Skocz do zawartości

PC Hardware - problemy


Wyso

Rekomendowane odpowiedzi

Przejrzałem parę testów tego modelu (plus opinie kupujących) i w każdym temperatury były bardzo zbliżone do siebie, inne od moich. Tak więc to nie jest tak, że wydajność tego systemu chłodzenia tak ma, tylko to kwestia łączenia - pasta, termopady, może złe dociśnięcie którejś śruby (podobno wystarczy 0,1mm i już może być problem).

 

Tak czy inaczej już po temacie. Uznałem, że nie chcę żeby karta najpierw znowu walała się po sortowniach, a później żeby taśmowo w serwisie byle jak ją ktoś naprawiał, używając do tego kolejny raz jakiejś taniej pasty. No i najważniejsze, nie chciałem zostawać bez grafiki w komputerze, bo nawet terminowo taka naprawa może sporo potrwać, a czasami trzeba się wręcz upominać, bo nikt nie wie i "musi sprawdzić". Sprzedawać też nie chciałem, bo ani nie chciałem sprzedawać taniej ze względu na wadę, ani przemilczeć w opisie i narażać się na możliwe pretensje kupującego.
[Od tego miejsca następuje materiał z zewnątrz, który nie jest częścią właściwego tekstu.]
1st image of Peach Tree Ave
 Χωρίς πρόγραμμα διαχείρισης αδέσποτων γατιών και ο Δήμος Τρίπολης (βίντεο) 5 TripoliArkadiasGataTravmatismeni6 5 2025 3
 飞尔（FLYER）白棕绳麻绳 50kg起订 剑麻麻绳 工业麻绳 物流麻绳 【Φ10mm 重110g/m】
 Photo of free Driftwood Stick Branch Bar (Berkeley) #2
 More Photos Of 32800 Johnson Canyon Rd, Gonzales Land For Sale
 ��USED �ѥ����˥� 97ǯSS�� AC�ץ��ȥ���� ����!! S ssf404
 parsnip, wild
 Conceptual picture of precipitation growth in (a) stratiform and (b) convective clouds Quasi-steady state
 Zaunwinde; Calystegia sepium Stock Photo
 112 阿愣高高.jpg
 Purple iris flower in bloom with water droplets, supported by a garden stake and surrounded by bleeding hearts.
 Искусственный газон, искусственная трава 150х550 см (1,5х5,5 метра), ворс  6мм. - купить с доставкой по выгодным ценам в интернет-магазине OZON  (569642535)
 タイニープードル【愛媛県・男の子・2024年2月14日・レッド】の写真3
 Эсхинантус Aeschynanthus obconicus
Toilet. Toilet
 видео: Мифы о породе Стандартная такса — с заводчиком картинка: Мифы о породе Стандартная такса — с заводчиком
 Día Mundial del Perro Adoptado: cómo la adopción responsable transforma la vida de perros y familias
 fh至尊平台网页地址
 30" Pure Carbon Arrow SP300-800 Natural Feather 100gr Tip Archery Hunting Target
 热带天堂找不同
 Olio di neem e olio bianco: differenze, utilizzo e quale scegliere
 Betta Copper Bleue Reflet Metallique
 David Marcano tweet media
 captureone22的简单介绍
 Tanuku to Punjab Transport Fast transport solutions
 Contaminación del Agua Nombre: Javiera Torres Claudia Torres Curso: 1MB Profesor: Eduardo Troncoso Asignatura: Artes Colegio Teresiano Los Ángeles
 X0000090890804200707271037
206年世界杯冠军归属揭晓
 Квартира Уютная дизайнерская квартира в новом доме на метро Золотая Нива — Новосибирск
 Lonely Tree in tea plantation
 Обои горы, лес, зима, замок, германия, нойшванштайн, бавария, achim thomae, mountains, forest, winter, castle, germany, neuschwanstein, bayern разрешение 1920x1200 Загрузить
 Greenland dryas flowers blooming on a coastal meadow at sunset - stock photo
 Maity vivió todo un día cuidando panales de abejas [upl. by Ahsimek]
Kartę zamierzam mieć przynajmniej te 2 lata jeszcze, więc olałem tę gwarancję, która i tak jest do niczego skoro teraz jej potrzebowałem, a support się wymiguje.

 

Zdecydowałem się więc na samodzielną naprawę, jako że robiłem to już raz z poprzednią kartą. Karta już rozebrana i wyczyszczona, termopady pomierzone, zamówiłem sobie elegancko markowe termopady i lepszą pastę, no i dzisiaj mam nadzieję będę miał ochotę przysiąść i dokończyć.

 

Pasta nie była sucha, termopady też nie. Ale szczerze wątpię, żeby były to produkty lepszej jakości, pewnie lecą z tym budżetowo przy takich ilościach. Po rozłożeniu i przyjrzeniu się myślę, że problemem było rozejście się lub praktycznie brak pasty na części GPU. Tak to wyglądało, no ale zdejmując radiator też coś się ruszy zawsze.

 

PS. 72 stopnie to może i OK temperatura, jeśli producent uznaje to za właściwą dla własnego chłodzenia i pod nią ustawia krzywą wentylatorów. Tutaj ewidentnie karta jest zaprojektowana pod trzymanie maksymalnie tych 66-67 stopni i pod taką temperaturę ustawione są akceptowalne obroty wentylatorów. Bo 72 stopnie przy tym modelu karty i wejściu na prawie 2000 obrotów to już hałas i nie w subiektywnym odczuciu.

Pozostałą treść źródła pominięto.